Without this technology, the department has its own process of keeping firefighters rested. Firefighters are cycled into hazardous scenes and burning buildings for no more than 20 minutes, and then taken out to rest.
The Zephyr devices can monitor 64 firefighters at once. Battalion Chief John Menassa compared the software program to a car speedometer, where the gauges turn red if the heart rate is too high.
"It really is a cutting-edge technology for us," Menassa said. "It takes us far beyond where we ever were before this as far as being able to tell what's going on with firefighters in action."
Making the technological leap won't happen until sometime over the summer for the AFD. It will cost about $1,500 to upgrade the radios, or the department could use a Web-based version of the technology that connects to a smart phone via bluetooth.
"It's really advanced compared to what we used to do," Menassa said. "In the past, we kind of had to go by feel and assessing what people in the gear were telling us. The nature of wanting to get back in and continue working sometimes puts themselves a little too far out of their physical [ability]."
Zephyr moved to Annapolis from New Zealand in 2006, and is located across the street from the fire department's Taylor Avenue location. The company provides a series of products geared toward providing health data with a network of health providers.
The company made headlines in 2010, when it provided the technology that helped care for the 33 Chilean workers trapped in the collapsed San Jose mine. The BioHarness is a chest strap that measured heart rate, breathing, temperature changes, activity and posture.
The fire department's device will work similarly. It will be connected to a firefighter through a chest strap or T-shirt. The device will keep track of the firefighter's core body temperature and heart rate, as well as notifying the staff when these signs are elevated.

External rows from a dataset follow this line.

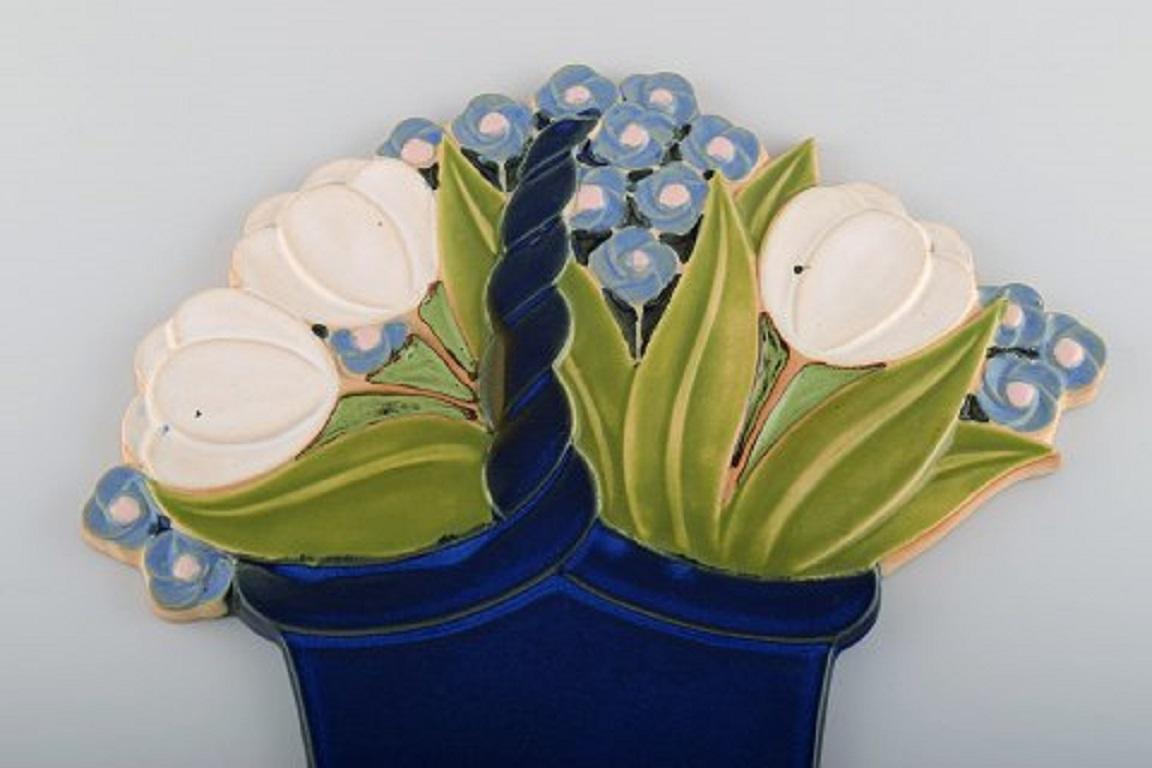 Margareta Hennix (b. 1941) for Gustavsberg. Large wall plaque in glazed ceramics. 
Flower bouquet. 1970s.
Measures: 34 x 33 cm.
In excellent condition.
Stamped.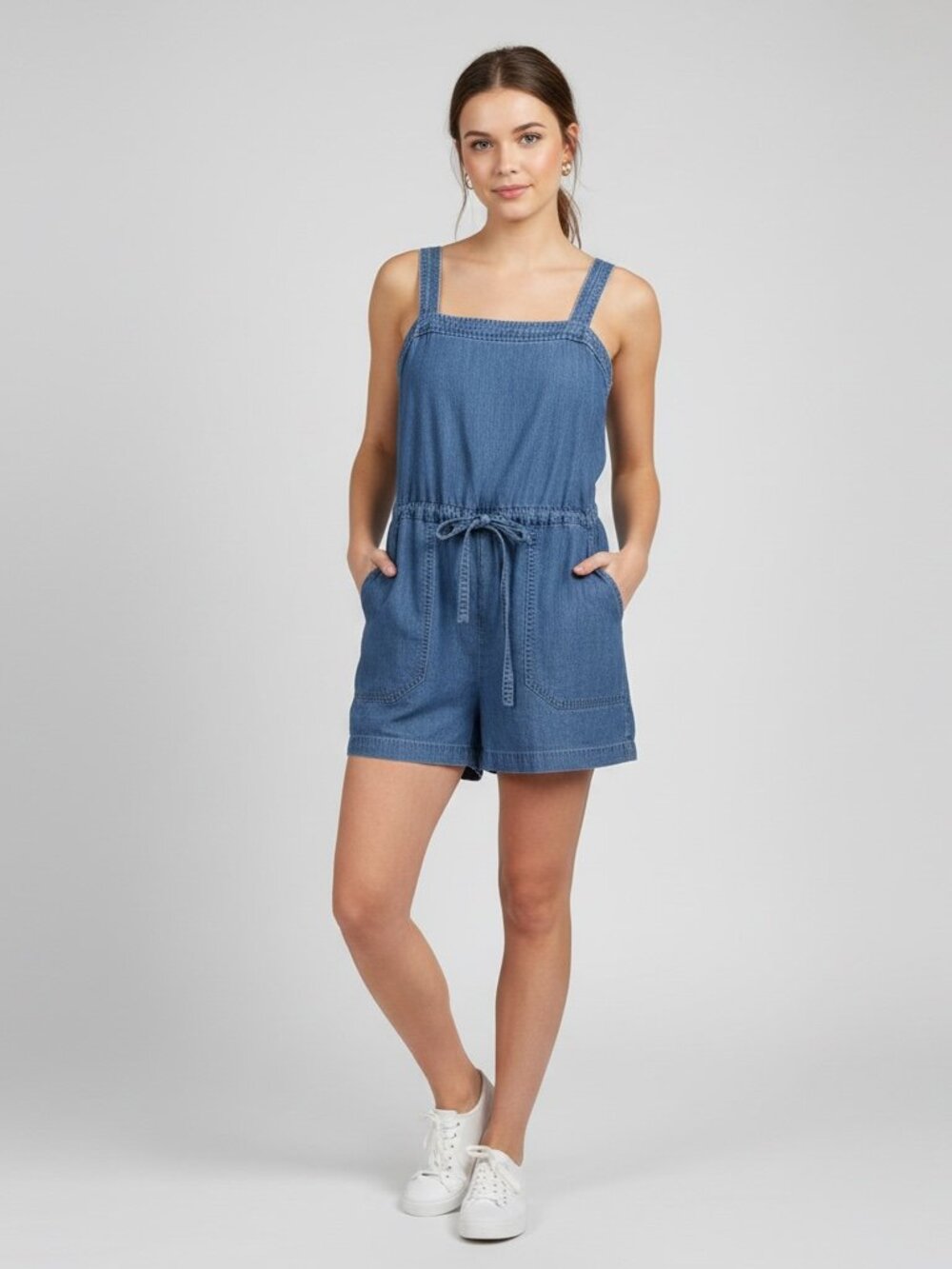 GAP Chambray Apron Romper Women's Size 4 Medium Indigo Blue Tie Waist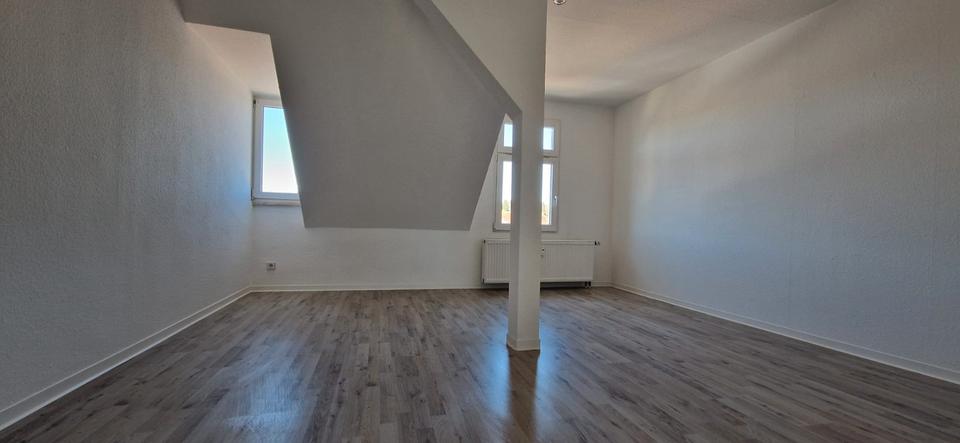 Dachgeschoßwohnung Gößnitz - 5 Zimmer, 98 m&sup2;, 585&euro; | Angebot:26479812
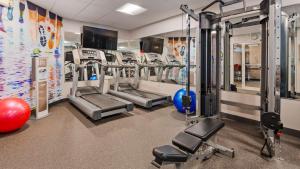 Spordikeskus ja/või sportimisvõimalused majutusasutuses Best Western Plus Hudson I-94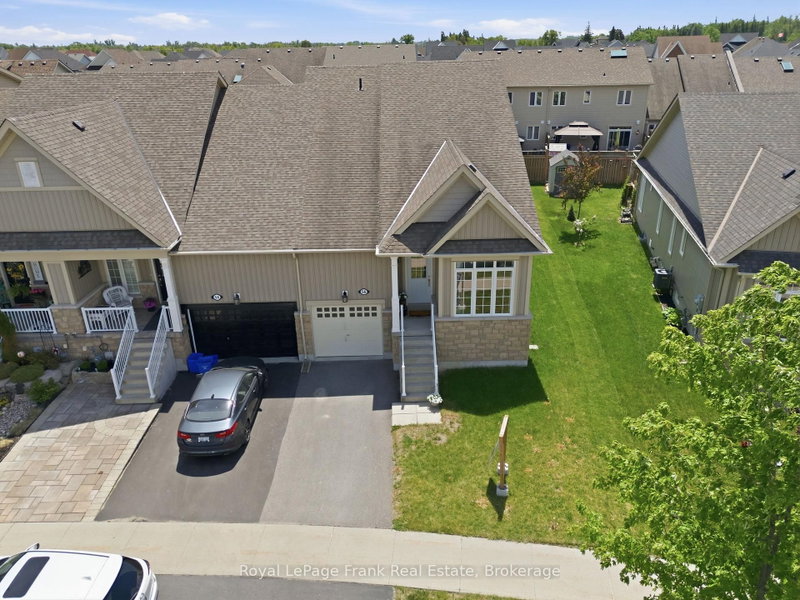 56 Deacon Crescent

Aside from first responders, the device is also being marketed to athletes. The devices are already available on the market, but Zephyr is working with Annapolis Fire as it makes any changes or upgrades to the equipment. It costs about $500 per person monitored.
Zephyr Technology will let the Annapolis Fire Department use its devices that monitor the vital signs of firefighters. The devices will flag the staff as to when a firefighter is showing signs of fatigue or dehydration.